It was argued, in behalf of the plaintiff, that the registration act of South Carolina was unconstitutional, because it allowed for registration only one day in each month between the day of a general election in November and the first day of July before the next general election; required the registration books to be closed from such first day of July for four months, until the ensuing election day; and thus in effect required each voter to reside in the county for one hundred and twenty days (whereas the constitution required only sixty days) before the election, and otherwise unreasonably impeded the exercise of the constitutional right of voting; that the only exception allowed was in the case of voters coming of age during those four months, and there was no exception in the case of electors who, by reason of sickness or absence or other good and sufficient cause, did not or could not have registered before the first day of July.
In the case in the Supreme Court of South Carolina of Butler v. Ellerbe, 44 So. Car. 256, cited at the bar, the Chief Justice expressed his opinion that the registration act of the State was unconstitutional; but the majority of the judges declined to express any opinion upon that question, because they thought it unnecessary for the decision. Nor should this court undertake to decide it in the present case.
Passing by the difficulty of subjecting election officers to an *67 action for damages for refusing a vote which the statute under which they are appointed forbids them to receive, it is by no means clear, taking into consideration all the constitutional and statutory provisions upon the subject, that the construction contended for is the true construction of the statute.
But, even upon that construction, the plaintiff does not show that he is in a position to impugn the constitutionality of the statute. It is only on the day when this vote was refused, that he alleges that he had resided in the State for a year and in the county for sixty days, and was of age and otherwise a qualified elector. He does not allege when he first became qualified. So far as appears, he may have become of age and otherwise qualified but a few days before the election day on which he tendered his vote, in which case he would confessedly, by the specific provision of § 141, have been entitled to apply for registration. Yet he does not allege that he ever was registered, or made any application to be registered.

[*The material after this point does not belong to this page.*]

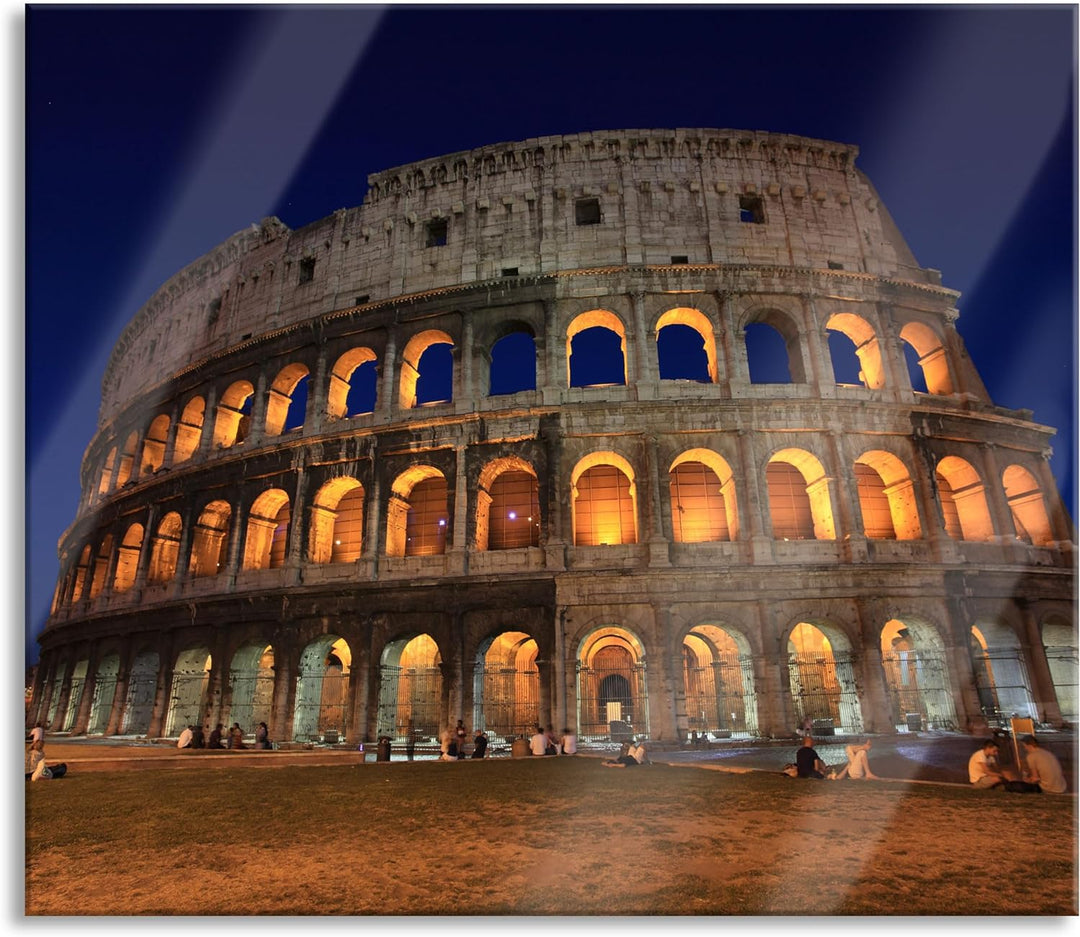 Colosseum in Rom Herdabdeckplatte & Spritzschutz aus Echtglas | Für Herd-Kochfelder | 60x52 cm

The provisions of the statutes of 1893 requiring registered voters to obtain certificates from the supervisors, the provisions for registration in earlier statutes, and the provisions of the statute of December 24, 1894, for calling a constitutional convention, enacted since the date of the election here in question, were largely commented on, and their validity impugned, in the argument for the plaintiff in error. But the validity of none of those provisions is involved in the decision of this case.
Judgment affirmed.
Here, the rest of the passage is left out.